[Collected data entries]
┄┄┄┄┄┄┄┄┄┄

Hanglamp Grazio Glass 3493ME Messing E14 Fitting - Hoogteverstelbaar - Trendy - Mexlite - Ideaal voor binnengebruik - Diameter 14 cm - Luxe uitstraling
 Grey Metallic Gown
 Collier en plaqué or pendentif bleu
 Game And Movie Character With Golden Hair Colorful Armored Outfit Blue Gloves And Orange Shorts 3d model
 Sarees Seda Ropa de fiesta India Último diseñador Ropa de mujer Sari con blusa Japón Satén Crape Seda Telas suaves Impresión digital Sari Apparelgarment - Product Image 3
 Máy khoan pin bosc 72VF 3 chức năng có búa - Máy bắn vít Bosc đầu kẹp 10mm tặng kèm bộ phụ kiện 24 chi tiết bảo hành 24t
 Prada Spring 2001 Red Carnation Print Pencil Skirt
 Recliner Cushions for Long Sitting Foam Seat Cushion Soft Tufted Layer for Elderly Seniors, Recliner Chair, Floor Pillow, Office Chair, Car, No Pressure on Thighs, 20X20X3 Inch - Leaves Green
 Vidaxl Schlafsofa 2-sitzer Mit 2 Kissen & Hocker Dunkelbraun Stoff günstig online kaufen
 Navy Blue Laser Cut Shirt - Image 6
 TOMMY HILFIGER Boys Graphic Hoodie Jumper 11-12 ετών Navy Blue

┄┄┄┄┄┄┄┄┄┄

== What the exercise asks ==
For the records above, restate every line word for word.

== Written answer ==
Hanglamp Grazio Glass 3493ME Messing E14 Fitting - Hoogteverstelbaar - Trendy - Mexlite - Ideaal voor binnengebruik - Diameter 14 cm - Luxe uitstraling
 Grey Metallic Gown
 Collier en plaqué or pendentif bleu
 Game And Movie Character With Golden Hair Colorful Armored Outfit Blue Gloves And Orange Shorts 3d model
 Sarees Seda Ropa de fiesta India Último diseñador Ropa de mujer Sari con blusa Japón Satén Crape Seda Telas suaves Impresión digital Sari Apparelgarment - Product Image 3
 Máy khoan pin bosc 72VF 3 chức năng có búa - Máy bắn vít Bosc đầu kẹp 10mm tặng kèm bộ phụ kiện 24 chi tiết bảo hành 24t
 Prada Spring 2001 Red Carnation Print Pencil Skirt
 Recliner Cushions for Long Sitting Foam Seat Cushion Soft Tufted Layer for Elderly Seniors, Recliner Chair, Floor Pillow, Office Chair, Car, No Pressure on Thighs, 20X20X3 Inch - Leaves Green
 Vidaxl Schlafsofa 2-sitzer Mit 2 Kissen & Hocker Dunkelbraun Stoff günstig online kaufen
 Navy Blue Laser Cut Shirt - Image 6
 TOMMY HILFIGER Boys Graphic Hoodie Jumper 11-12 ετών Navy Blue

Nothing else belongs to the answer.